# What is this water fall in the kitchen suppose to be? Is this product design this way or a leak in t



## john danger (Dec 13, 2013)

Chinese Kitchen.JPG




__
john danger


__
Dec 13, 2013








What is this piece of equipment with water running down the entire wall of the stainless steel? Is this suppose to do this or is this a custom piece of equipment or leak behind the wall?

Has anyone ever seen anything like this before?

Thanks


----------



## foodpump (Oct 10, 2005)

Never worked in an oriental kitchen before, but  I've spent enough time in them.

A good kwali range(the range you place your wok on) usually has wash down decks--that is the wok sits in an almost quasi sort of shallow sink.  After cooking in the wok, it needs to be cleaned out, and they are heavy, hot, and awkward.  So what the cook does is fill the wok up with water, scrubs it down with a bamboo brush, and lifts the wok to one side to toss the dirty water  on the deck where it goes down the drain. The wok never leaves the kwali

The waterwall?  My guess is for two reasons.  A kwali usually puts out 80,000 to 100,000 btus, per burner  and some of the bigger ones even more.  Compare that to a regular restaurant range of 25,000 to 30,000 btus per burner.  When cooking in a wok the back wall gets dirty very fast, sauce splatters, but a lot of oil mist as well, and the oil builds up very fast.  A water wall will keep the wall constantly clean.

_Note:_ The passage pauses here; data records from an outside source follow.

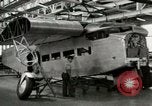 Immagine di Ford tutto il metallo Tri di produzione del motore United States USA, 1926, secondo 15 filmato di repertorio 65675021056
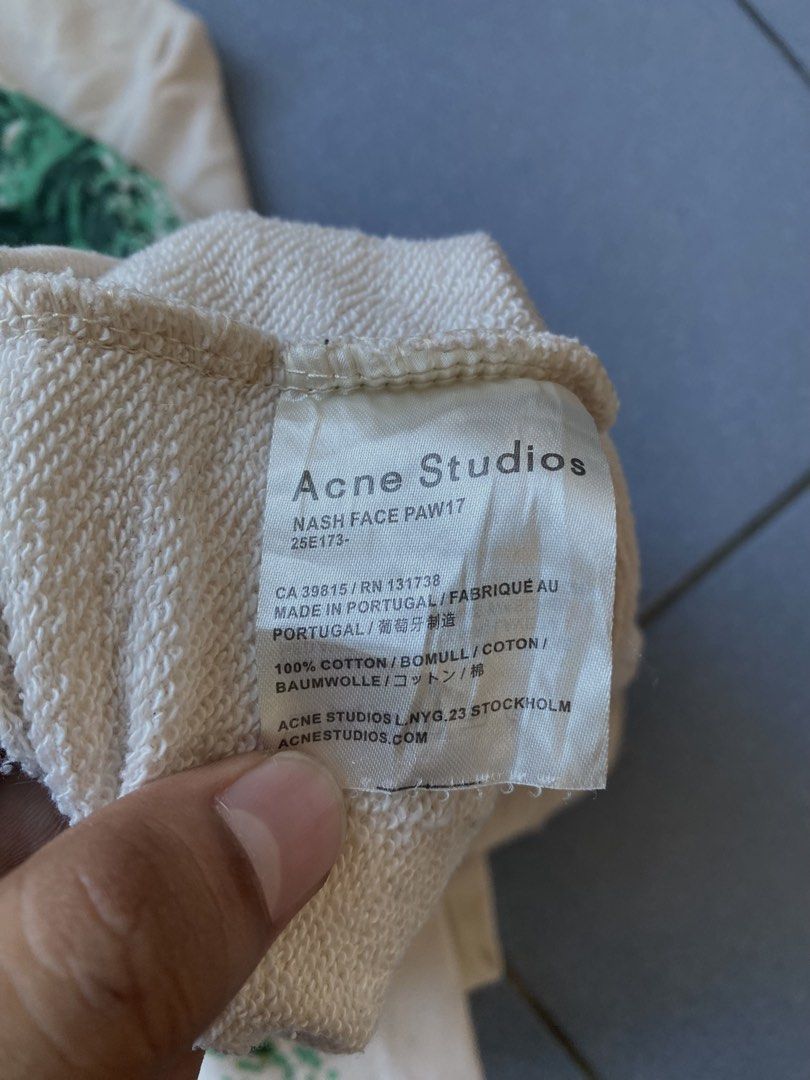 ACNE STUDIO (Category: Hoodies) located in Cabuyao City. Submitted by badthrift_pat (Listing ID 1471131245, Image 3). Description: ACNE STUDIO 👕WIDTH:22 👕LENGTH:27.5 📌:NONE 🏷️:499.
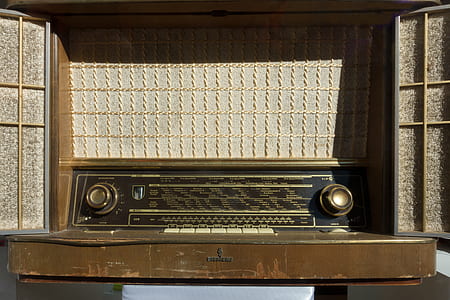 black and gray classic radio thumbnail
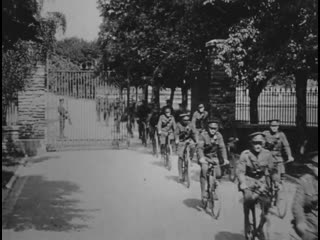 Тренироа велосипедного корпуса в торонто, 1916 bicycle corps training in toronto, 1916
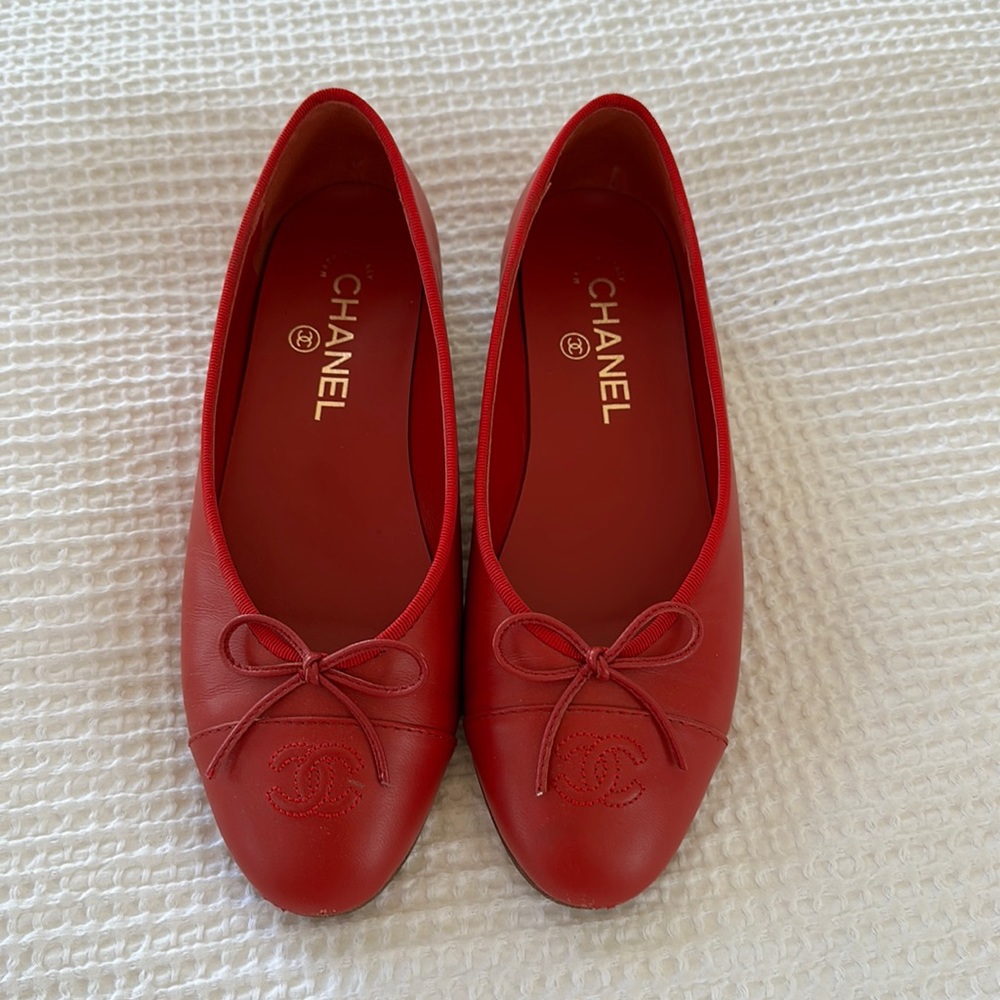 Chanel ballet flats size 39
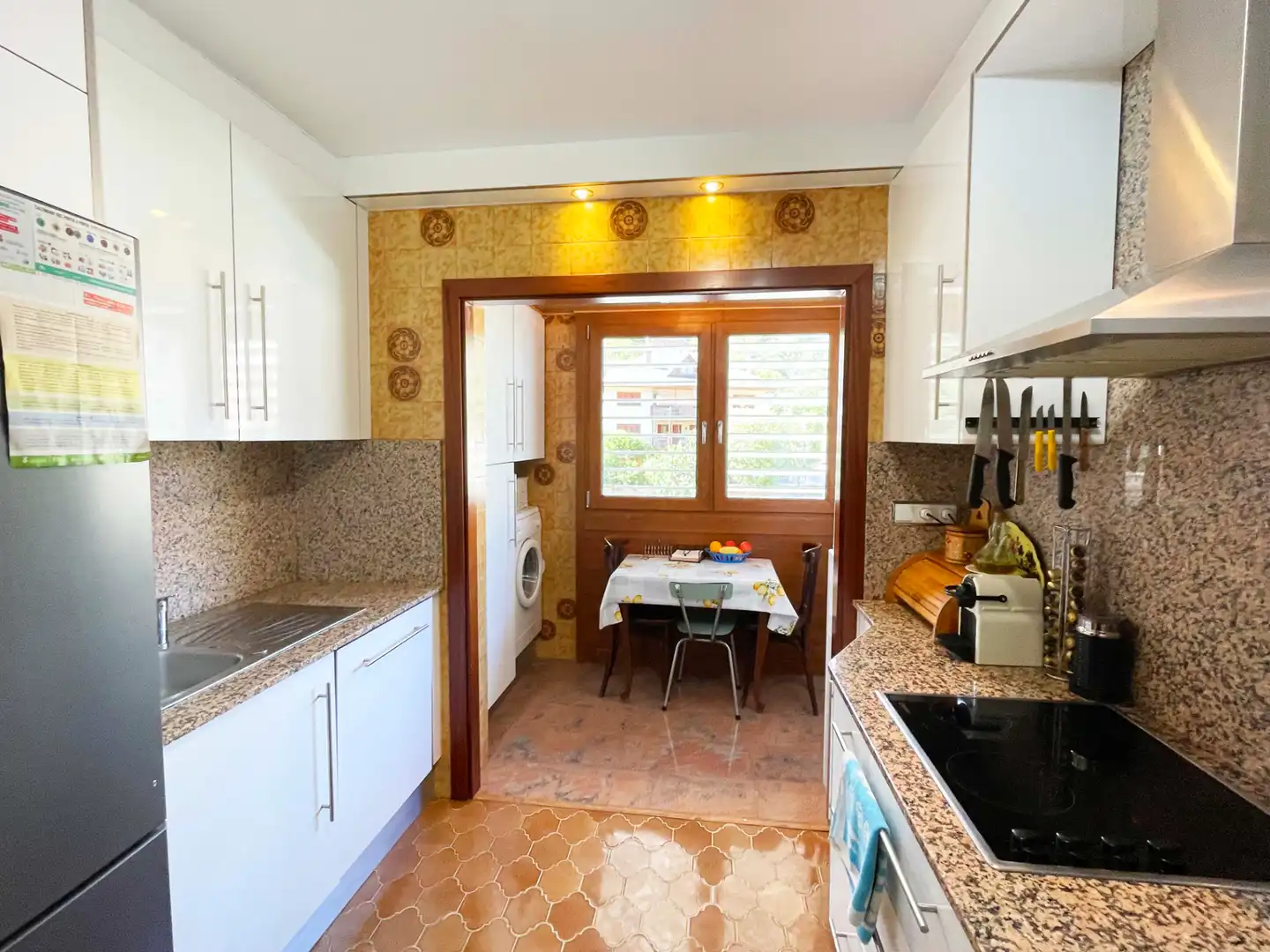 Küche von Wohnung zum Verkauf in Sort mit Terrasse, Abstellraum und Möbliert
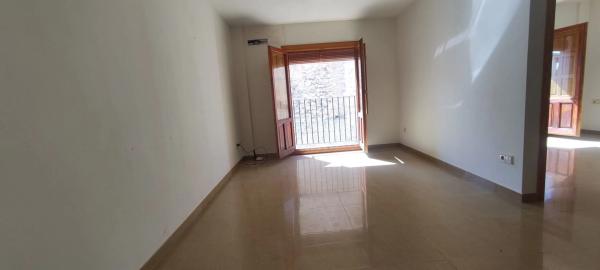 Piso en calle Censal, 2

The kitchens can get very hot and my guess is that the water wall also provides a cheap efficient means of cooling for the guy standing in front of two or three wokst

It's a clever sneaky idea, I like it.  Puts a heckuva strain on the grease trap, but I ;like the idea.


----------



## john danger (Dec 13, 2013)

foodpump said:


> Never worked in an oriental kitchen before, but I've spent enough time in them.
> 
> A good kwali range(the range you place your wok on) usually has wash down decks--that is the wok sits in an almost quasi sort of shallow sink. After cooking in the wok, it needs to be cleaned out, and they are heavy, hot, and awkward. So what the cook does is fill the wok up with water, scrubs it down with a bamboo brush, and lifts the wok to one side to toss the dirty water on the deck where it goes down the drain. The wok never leaves the kwali
> 
> ...


Would you say that its something that is rigged up by the owner or something that you can buy off the shelf to do this?

I showed this picture in a forum for plumbers only and they said that its time to tear the walls out because there is a major leak. However, you may be right that its something that is being done with a purpose.

Are you under the impression that this is recirculating the same water while filtering it for grease? See, I was hit with a penalty in the thousands for excessive water usage and I think it was because of this thing they setup.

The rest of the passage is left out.